A decisão judicial esclareceu que permitir uma alteração tardia do fundamento utilizado para concorrer às vagas PcD implicaria em violação ao princípio da isonomia entre os candidatos e à necessária vinculação ao edital. O magistrado destacou que a recusa não se baseou em afastar o reconhecimento legal da visão monocular como deficiência, mas sim na ausência de informações pertinentes recebidas pela banca no prazo adequado para avaliar essa condição.

O Modelo Biopsicossocial e o Status HIV

Em contraste com a visão monocular, o entendimento do TRF4 sobre o HIV divergiu. O tribunal enfatizou que a avaliação da deficiência deve seguir o modelo biopsicossocial, conforme estipulado pela Lei Brasileira de Inclusão. Este modelo vai além dos aspectos puramente médicos ou biológicos, considerando as barreiras sociais, o preconceito, a discriminação e outros fatores que podem restringir a participação plena e equitativa de um indivíduo na sociedade.

Na fundamentação da decisão, o magistrado foi enfático ao afirmar que “a ausência de sintomas em pessoa vivendo com HIV não pode, isoladamente, servir para afastar o direito à política afirmativa”. Contudo, ressaltou também que seria um equívoco presumir que o mero diagnóstico de HIV, por si só, garantiria automaticamente o enquadramento como pessoa com deficiência. A análise, conforme o entendimento, deve ser estritamente individualizada.

Ao examinar o caso concreto, o TRF4 observou que a banca examinadora havia apenas concluído que o candidato não preenchia os requisitos para ser enquadrado como pessoa com deficiência, sem apresentar uma fundamentação detalhada. Para o magistrado, a avaliação deveria ter considerado em que medida a condição de pessoa HIV positivo se manifestou, ao longo da vida do candidato, como um gerador de barreiras sociais que justificassem sua inclusão na política de reserva de vagas PcD.

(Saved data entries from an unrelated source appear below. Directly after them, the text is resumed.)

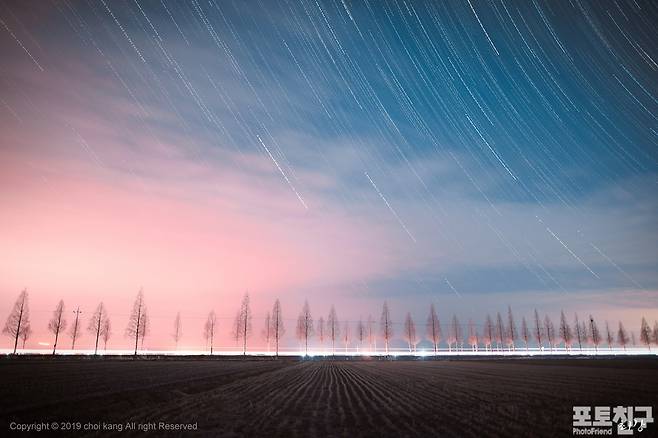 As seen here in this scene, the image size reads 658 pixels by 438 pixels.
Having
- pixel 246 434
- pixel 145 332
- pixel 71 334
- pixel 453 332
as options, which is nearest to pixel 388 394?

A Perspectiva da Advocacia Especializada

O advogado Agnaldo Bastos, do escritório Agnaldo Bastos Advocacia Especializada, responsável pela defesa do candidato, manifestou que a decisão judicial solidifica a importância da “aplicação efetiva do modelo biopsicossocial nos concursos públicos“. Conforme Bastos, “pessoas vivendo com HIV não podem ser excluídas automaticamente das políticas afirmativas apenas porque se encontram assintomáticas”.

Ele argumenta que a avaliação deve levar em conta o impacto social da condição de saúde, incluindo experiências de preconceito e discriminação que possam limitar a participação plena do candidato em igualdade de oportunidades. Agnaldo Bastos destaca a relevância dessa discussão, pois, em sua visão, “muitas bancas ainda adotam análise predominantemente médica, sem observar a dimensão social exigida pela Lei Brasileira de Inclusão”.

Risco de Dano e Próximos Passos no Concurso HCPA

O TRF4 também reconheceu o “perigo de dano” no caso, especialmente diante da iminente homologação final do concurso. A decisão aponta que um eventual avanço do certame, com a possibilidade de nomeações, poderia acarretar “prejuízos de difícil reparação” ao candidato, caso a avaliação adequada fosse postergada para o final do processo.

Com base nesse raciocínio, o tribunal determinou que a banca organizadora do concurso do HCPA realize um novo estudo biopsicossocial e, posteriormente, refaça a análise da condição de PcD do candidato. É importante frisar que a decisão não concedeu, neste momento, o direito à inclusão imediata do candidato na lista de cotistas, mas assegurou que o seu enquadramento seja revisado a partir de critérios individualizados e compatíveis com as exigências do modelo biopsicossocial.